If you really want to see the context, there are a number of additional methods in SystemState that might help you:

  • getChoiceGenerator() - returns only the last registered one
  • getChoiceGenerators() - returns an array of all ChoiceGenerators in the current execution path
  • getLastChoiceGeneratorOfType(cgType) - returns the last registered ChoiceGenerator in the path that is of the specified type
  • getCurrentChoiceGenerators() - returns array of all cascaded ChoiceGenerators associated with the current transition
  • getCurrentChoiceGenerator(id) - returns last registered ChoiceGenerator of cascade with specified id
  • getCurrentChoiceGenerator(id,cgType) - our workhorse: last registered ChoiceGenerator of cascade with specified id and cgType (which can be a supertype of the actual one)
  • etc.

How does the system detect if a ChoiceGenerator is cascaded or not?
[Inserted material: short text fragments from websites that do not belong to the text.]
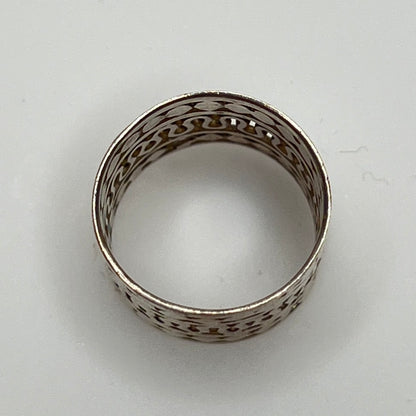 Vintage wide silver band ring with oxidized cutout detailing, size 6.5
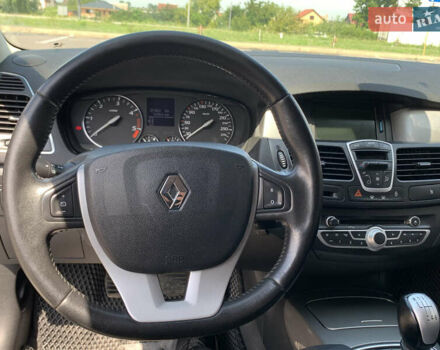 Рено Лагуна 2013 в Ровно на Automoto.ua Черный Рено Лагуна, объемом двигателя 2 л и пробегом 280 тыс. км за 7000 $, фото 2 на Automoto.ua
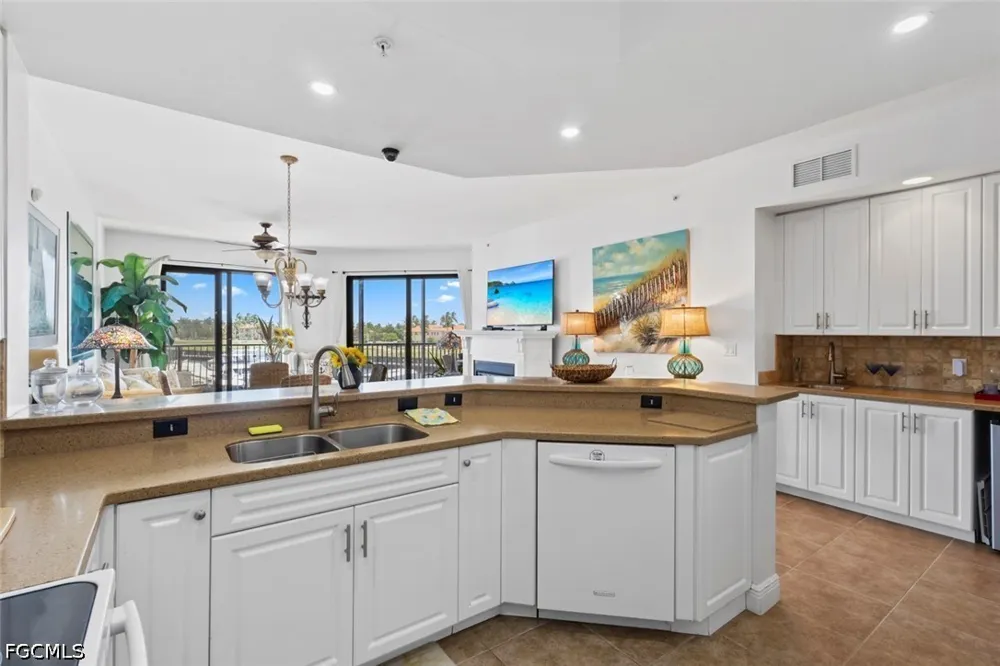 Cape Harbour Drive #211 Cape Coral, FL 33914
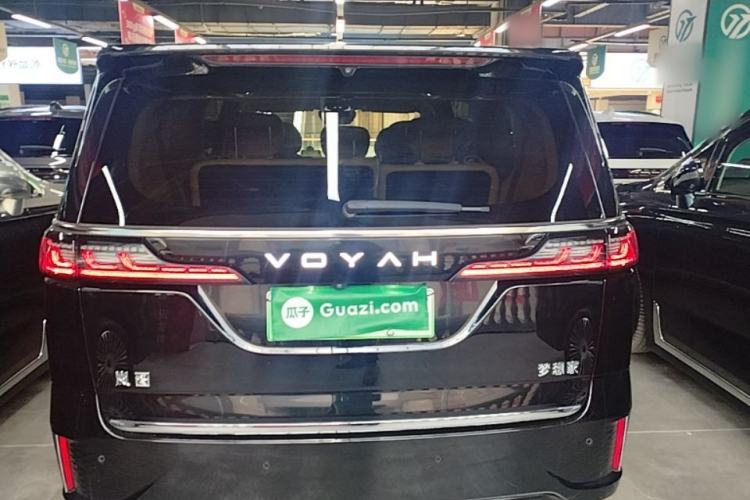 Used VOYAH Dream 2025 PHEV Four-Wheel Drive Prestige Qiankun Edition Rear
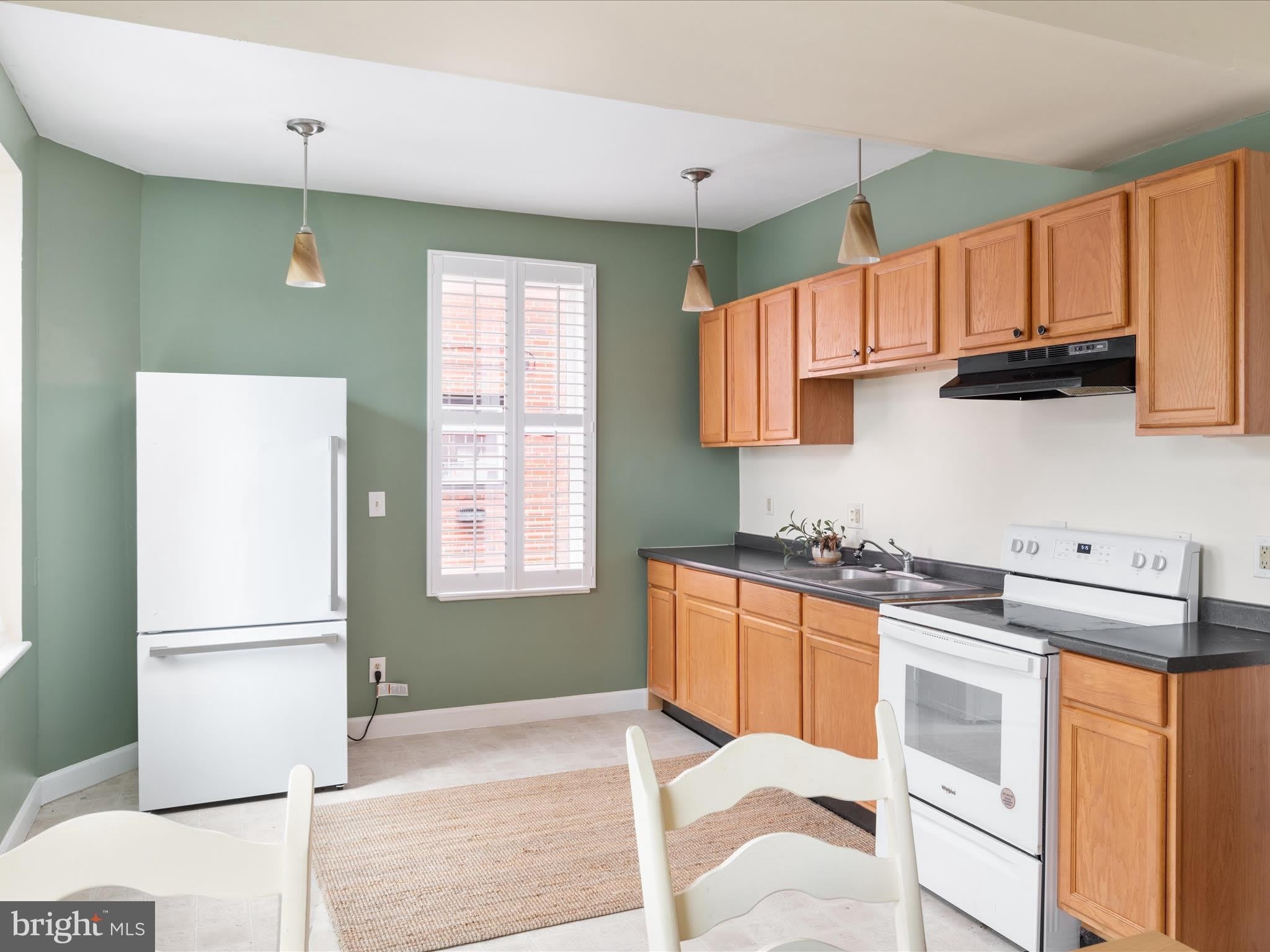 401 E MAIN Street – photo 4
Very simple - within SystemState.setNextChoiceGenerator(cg), we just check if SystemState already had a registered next ChoiceGenerator, and if so, we set a cascaded attribute for this one. Other than that, we just maintain normal linear ChoiceGenerator linkage, which is accessible through ChoiceGenerator.getPreviousChoiceGenerator(). If you want to iterate through a cascade yourself, use the ChoiceGenerator.getCascadedParent() method, which returns null if there is none. Just be aware of that the last registered ChoiceGenerator (i.e. what SystemState.getChoiceGenerator() returns) does not have the cascaded attribute set (i.e. ChoiceGenerator.isCascaded() returns false).